Daily output: We write pieces, we do investigations, we do both long and short form stories. It’s partially an execution area. We are not as robust and staffed in high quality writers as I’d like us to be. The perception is that people don’t necessarily think about going to CNN for that kind of reportage. We’re not going to push that messaging hard until we have a product that we believe in. The fact is, 8 to 10 million people come to CNN.com everyday. Over the long haul, I am really interested in what is going to happen to the television when the Internet connects to it. I do believe CNN will be very uniquely positioned to take advantage of that change. We create all of our reporting…we do all of reporting in first position. We do not have AP or Reuters. If you think of your television screen as a giant computer screen…there’s so many possibilities there. That’s kind of my long term geek passion. Sites you go to regularly: I am a huge fan of New York Magazine. And I feel like what Adam Moss did was to make it edgy, interesting, and culturally influential while still being up on news makes it a must read. I am a big fan of The Daily Beast and the Beast is absolutely in my diet. Bleacher Report, ESPN. In general I have a deep reverence and respect for the New York Times, except for Tuesdays when they focus on Science. I love the LA Times as I lived in LA for almost 10 years. They go deep into the entertainment business. The reboot of The Hollywood Reporter is also strong. I do not read Roll Call.

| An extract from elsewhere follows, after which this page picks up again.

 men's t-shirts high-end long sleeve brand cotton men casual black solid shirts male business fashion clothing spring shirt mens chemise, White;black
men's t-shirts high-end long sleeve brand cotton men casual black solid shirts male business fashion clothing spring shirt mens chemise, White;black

Where are you on commenters? Should any and all be allowed? Community commenting is an important part of every news site and we love our audience at CNN. I do believe, however, that if you want to participate in the discussion, you should have to use your true identity. A few years ago, that wasn’t technically feasible, but by implementing cross-registration with Facebook and Twitter and Google+, that aspiration is becoming easier for us to implement. It’s amazing how the quality of discourse rises when everyone commenting knows who they are chatting with. What is your typical day? I start every morning with my cell phone in my hand–reading through our internal briefing notes and catching up on the overnight news through CNNi.com. I’m a coffee geek, so I’m using brewing a pour-over cup in my Chemex or pulling a shot (or three) of Espresso while I listen to NPR. I would be the saddest American if I couldn’t have my coffee over NPR every morning. If you could implement one new idea right now onto CNN.com what would it be? I would make our television network totally interactive. As the Internet comes to the television, the whole paradigm of watching that giant screen is going to change radically. I can’t wait for that day.